Exercise requirements:
Omitting all pictures, retype the entries below exactly as given.

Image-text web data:
════════════════════
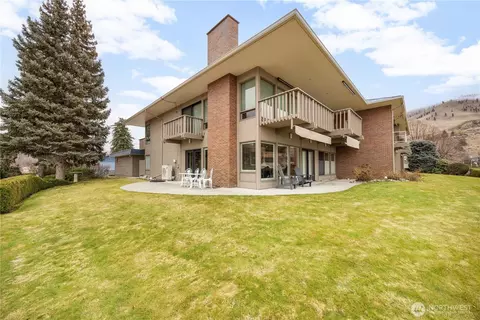 301 S 3rd St #4, Chelan, WA 98816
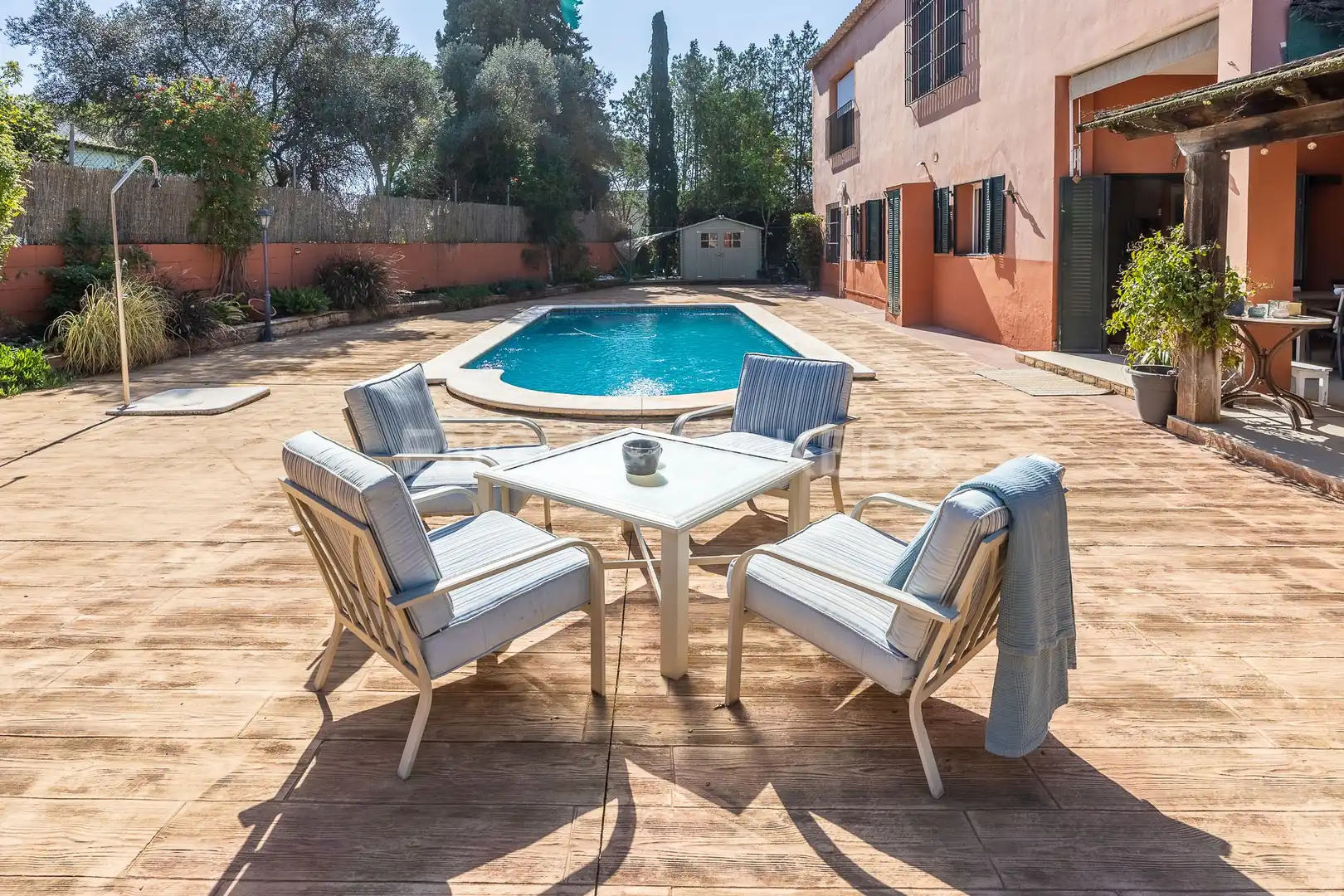 Terrassa de Casa o xalet en venda en Espartinas amb Aire condicionat, Calefacció i Jardí privat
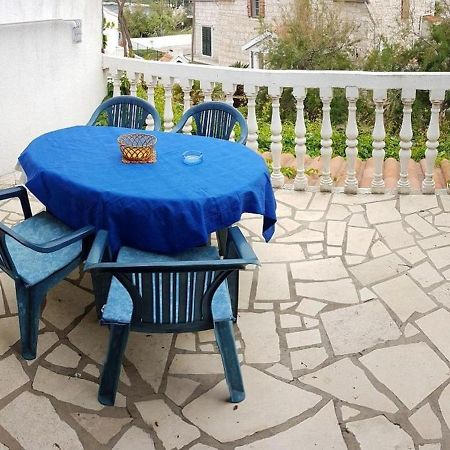 Apartments Katarina Вис Екстериор снимка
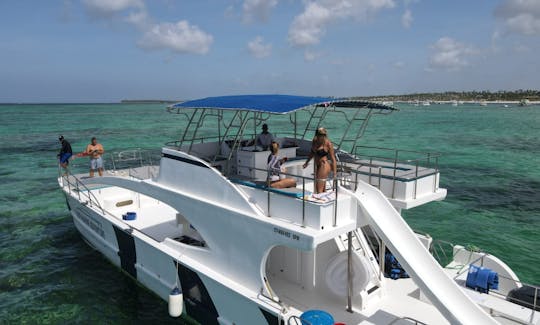 Bateau de fête privé 🎉 Les meilleurs prix 2021-2022 🎉 La crique de Puerto Plata Ambar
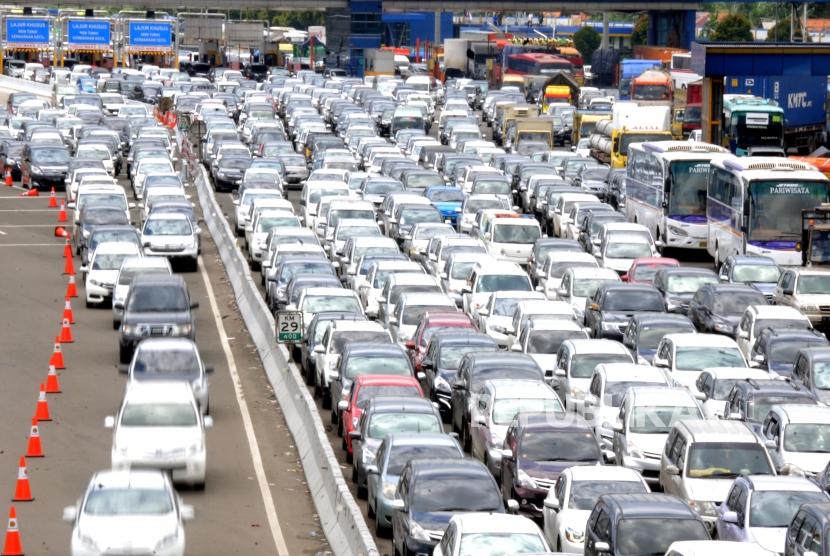 Ratusan kendaraan mengantre di kawasan Tol Cikarang Utama, Bekasi, Jawa Barat. (ilustrasi)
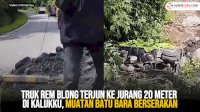 VIDEO: Truk Rem Blong Terjun ke Jurang 20 Meter di Kalukku, Muatan Batu Berserakan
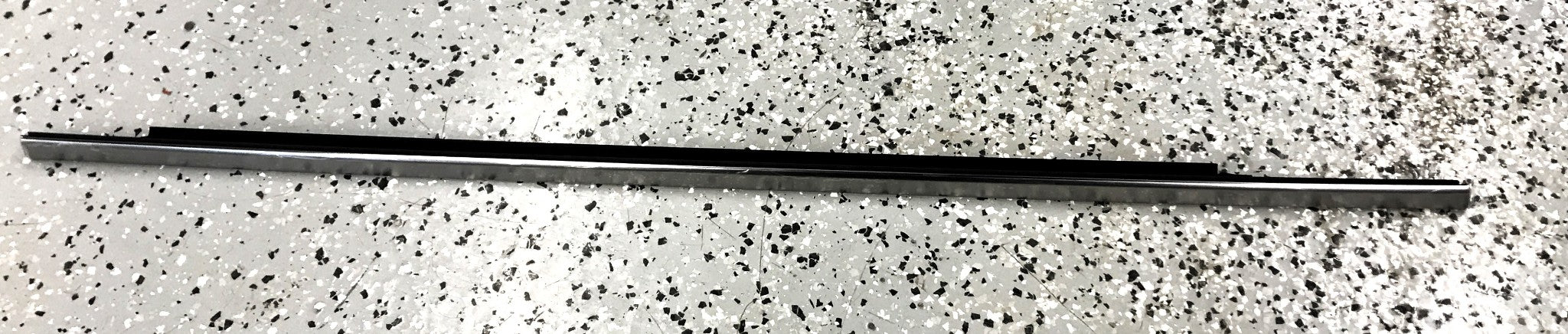 Nissan Rear Door Belt Molding 82821-6SA0A NOS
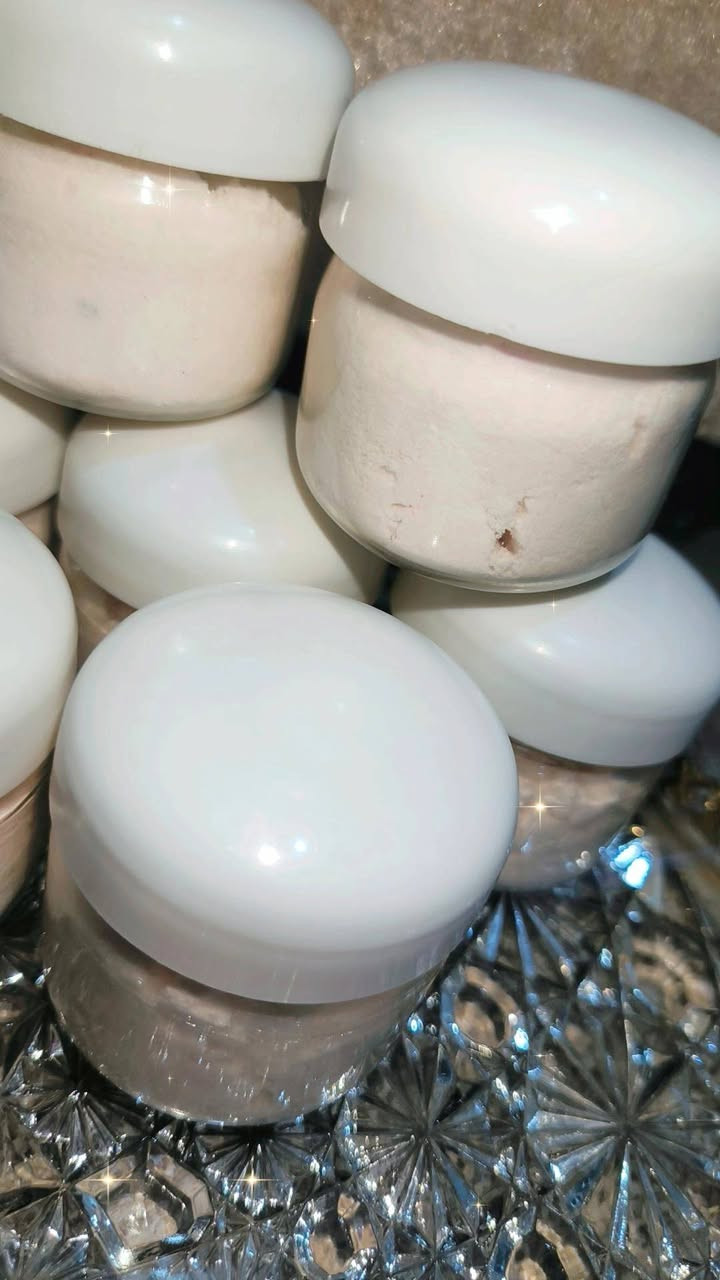 بودرة الشبة المعطرة 
فوائد مزيل لرائحه التعرق ومعطره للجسم 
الا ستعمال لمسة واحدة لكل جانب من الابطين ومناطق الحساسه السعر 5 توصيل مجاني


**إذا كنت صاحب هذا الإعلان وتريد حذفه لأي سبب، رجاءا أرسل رسالة إلى الدعم الفني**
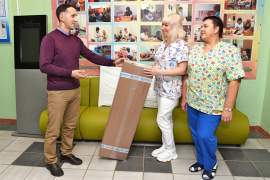 Андрей Тимаков вручает подарок медсёстрам Татьяне Емельяновой и Марине Чернышовой. Фото Александра Барыкина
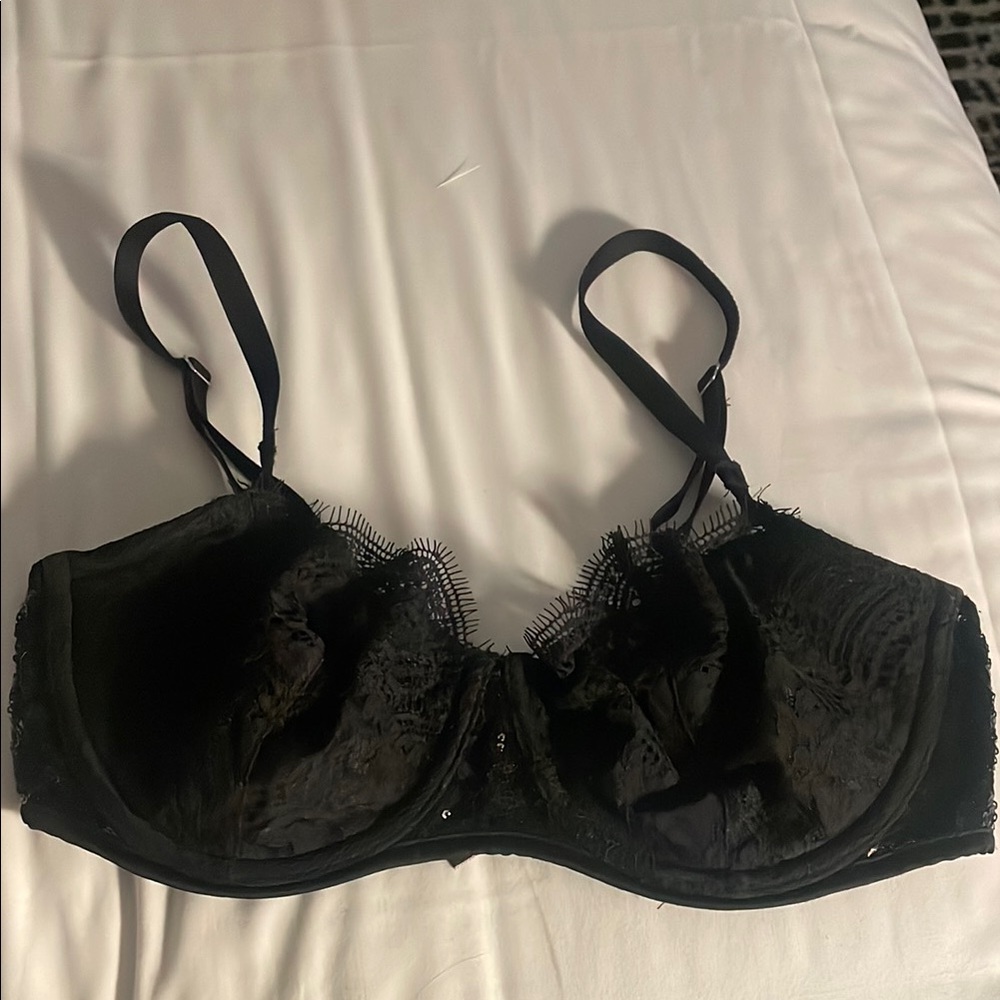 Victoria’s Secret Dream Angels Elegant Black Lace Bra size 33DD/E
════════════════════
Output for this task:
 301 S 3rd St #4, Chelan, WA 98816
 Terrassa de Casa o xalet en venda en Espartinas amb Aire condicionat, Calefacció i Jardí privat
 Apartments Katarina Вис Екстериор снимка
 Bateau de fête privé 🎉 Les meilleurs prix 2021-2022 🎉 La crique de Puerto Plata Ambar
 Ratusan kendaraan mengantre di kawasan Tol Cikarang Utama, Bekasi, Jawa Barat. (ilustrasi)
 VIDEO: Truk Rem Blong Terjun ke Jurang 20 Meter di Kalukku, Muatan Batu Berserakan
 Nissan Rear Door Belt Molding 82821-6SA0A NOS
 بودرة الشبة المعطرة 
فوائد مزيل لرائحه التعرق ومعطره للجسم 
الا ستعمال لمسة واحدة لكل جانب من الابطين ومناطق الحساسه السعر 5 توصيل مجاني


**إذا كنت صاحب هذا الإعلان وتريد حذفه لأي سبب، رجاءا أرسل رسالة إلى الدعم الفني**
 Андрей Тимаков вручает подарок медсёстрам Татьяне Емельяновой и Марине Чернышовой. Фото Александра Барыкина
 Victoria’s Secret Dream Angels Elegant Black Lace Bra size 33DD/E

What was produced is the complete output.